Using combinatorics to get the cardinal:

@ \mathbb{P}(A) = \frac{card(A)}{card(\Omega)} = \frac{|A|}{|\Omega|} @

When each event has the same probability of occurring, it's called an uniform probability and the formula is simpler:

@ \forall{w} \in \Omega\quad \text{then}\quad \mathbb{P}(w) = \frac{1}{card(\Omega)} @

A conditional probability is when, knowing that another event $B$ occurred, we want to know of probability of $A$ occurring.

@ \mathbb{P}(A|B) = P_B(A) = P(B \wedge A) := \frac{\mathbb{P}(A \cap B)}{\mathbb{P}(B)} @

  • $\mathbb{P}(\overline{A}|B) = 1 - \mathbb{P}(A|B)$
  • $\mathbb{P} (B \cup C|A) = \mathbb{P}(B|A) + \mathbb{P}(C|A) − \mathbb{P}(B ∊ C|A)$
  • You may be able to compute $\mathbb{P}(A|B)$ with the first formula

Discrete Transformations

We can use Bayes theorem:

@ \mathbb{P}(A \cap B) = \mathbb{P}(B) * \mathbb{P}(A|B) \equiv \mathbb{P}(A) * \mathbb{P}(B|A) @

We can use the law of total probability:

\[ \begin{split} \mathbb{P}(B) = \mathbb{P}(B \cap \Omega) = \mathbb{P}((A_1 \cap B) \cup (A_2 \cap B) \cup \ldots) \\ = \mathbb{P}(A_1 \cap B) + \mathbb{P}(A_2 \cap B) + \ldots \\ = \mathbb{P}(A_1) * \mathbb{P}(B|A_1) + \mathbb{P}(A_2) * \mathbb{P}(B|A_2) + \ldots \end{split} \]

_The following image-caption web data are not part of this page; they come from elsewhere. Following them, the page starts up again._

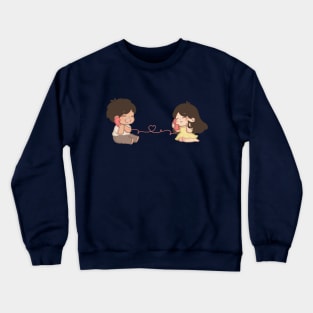 Chibi couple on a phone call Crewneck Sweatshirt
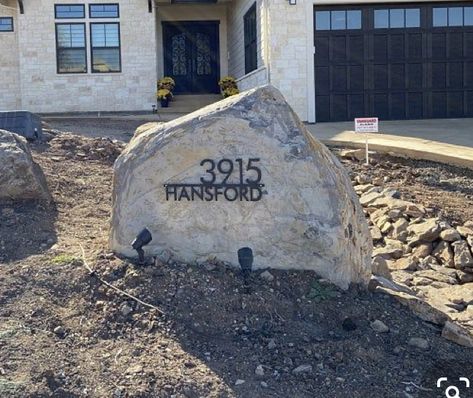 Boulder House Number, Curb Appeal Driveway Entrance, Stone Address Marker Rocks, Rock Wall Driveway Entrance, Boulder Address Sign, Address Rock Landscaping, House Number On Rock Ideas, Address Rocks Front Yards, Driveway House Number Ideas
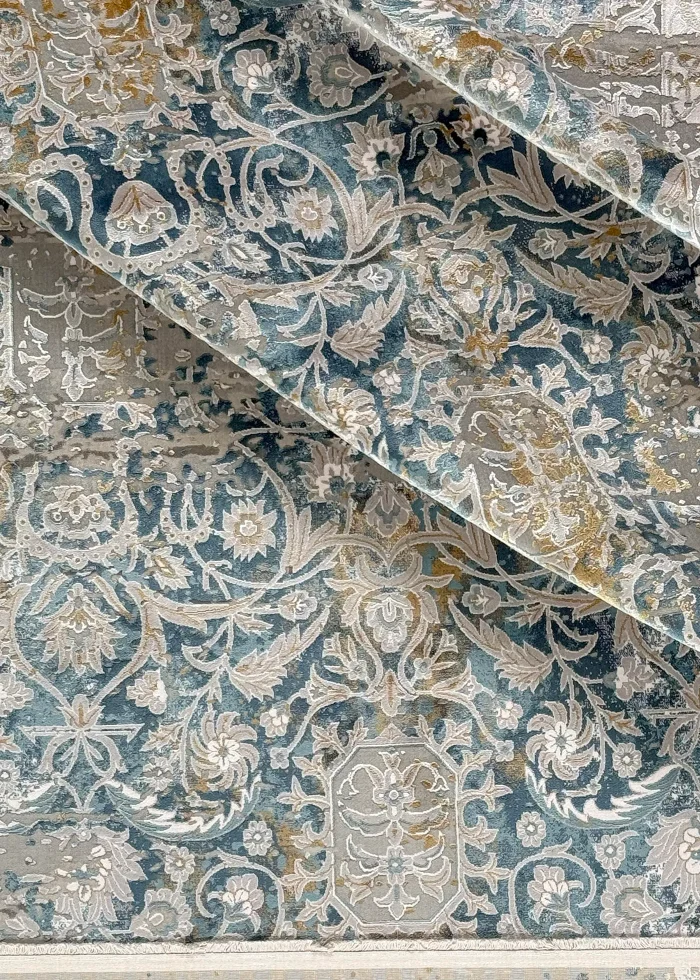Blue and Beige Silk Persian Rug Harmony Pattern 7 x 9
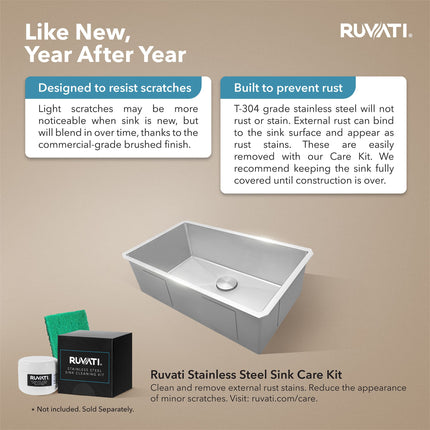 Ruvati 35-inch Undermount 16 Gauge Rounded Corners Large Kitchen Sink Stainless Steel Single Bowl - RVH7466 Ruvati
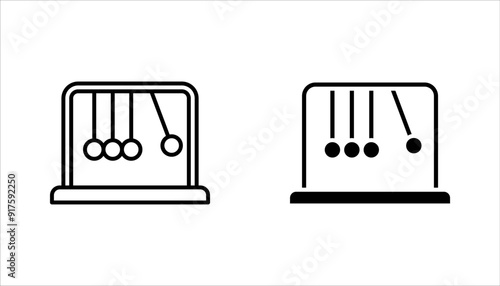 Newton cradle icon set, Pendulum icon. vector llustration on white background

We can use the probability chain rule:

\[ \prod_{i=1}^n \mathbb{P}(A_i | \bigcap_{j=1}^{i-1} A_j) \]

For instance, if $n=4$, we got

\[ \begin{split} \mathbb{P}(A_4 \cap A_3 \cap A_2 \cap A_1) = \\ \mathbb{P}(A_1) * \mathbb{P}(A_2|\ A_1) * \mathbb{P}(A_3|\ A_2 \cap A_1) * \mathbb{P}(A_4|\ A_3 \cap A_2 \cap A_1) \end{split} \]

A few other formulas that may be handy:

  • $\mathbb{P}(A \cup B) = \mathbb{P}(A) + \mathbb{P}(B) - \mathbb{P}(A \cap B)$
  • $A \subset B \to \mathbb{P}(A) \le \mathbb{P}(B)$ (A included in B)
  • $A \subset B \to \mathbb{P}(A \cap B) = \mathbb{P}(A)$
  • $A \subset B \to \mathbb{P}(A \cup B) = \mathbb{P}(B)$

Discrete Expected value

The expected value noted $\mathbb{E}(X)$, $\mathbb{E}X$, or $\mathbb{E}[X]$ is defined by:

\[ \sum_{x_i \in \Omega}^{} x_i \mathbb{P}{(X_w = x_i )} \]
  • $\mathbb{E}(X)$ is also called the (weighted) mean
  • $\mathbb{E}(X)$ is also called the first moment
  • $\mathbb{E}[X, \lambda Y] = \mathbb{E}[Y] + \lambda \mathbb{E}[Y]$
  • $\mathbb{E}(X) \ge 0$ and if $X \ge Y$ then $\mathbb{E}(X) \ge \mathbb{E}(Y)$
  • $\mathbb{E}[X * Y] = \mathbb{E}[X] * \mathbb{E}[Y]$ if both are independent, otherwise $\mathbb{E}[X * Y] = \sum_{i,j} x_i * y_i * p_{ij}$.
  • $\mathbb{E}(X) = \frac{n+1}{2}$ for an uniform probability
  • Cauchy-Schwarz: $\mathbb{E}[XY]^2 \le \mathbb{E}[X^2] * \mathbb{E}[Y^2]$

Discrete Variance

The variance is the square deviation around the expected value.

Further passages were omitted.